Si le gouvernement tunisien a effectivement fait quelques concessions à la politique expansionniste d'Erdogan - il n'est pas surprenant que les initiatives du président Kaïs Saied dépendent du soutien parlementaire des islamistes d'Ennahdha - Alger a été beaucoup plus réticente à donner carte blanche aux Turcs. Au contraire, l'exécutif du président Abdelmadjid Tebboune a été l'un des plus disposés à rechercher une solution négociée à la guerre en Libye. En outre, le président lui-même a réitéré à plusieurs reprises son opposition à l'ingérence de puissances internationales - comme la Turquie - dans la région.

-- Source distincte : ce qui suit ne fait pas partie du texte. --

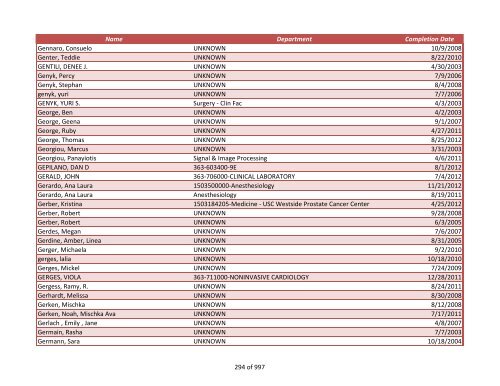 Name Department Completion Date 042970, James UNKNOWN 2/4 ...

Jusqu'à présent, selon l'Observatoire syrien des droits de l'homme (SOHR, par son acronyme en anglais), plus de 150 mercenaires syriens envoyés par la Turquie ont été tués dans les combats en Libye. Les affrontements entre les deux camps se déroulent dans la banlieue sud de Tripoli, où les forces de le GNA tiennent toujours bon, mais la LNA à Haftar a le vent en poupe, tant sur le plan militaire que politique, car elle bénéficie d'un plus grand soutien dans la sphère internationale.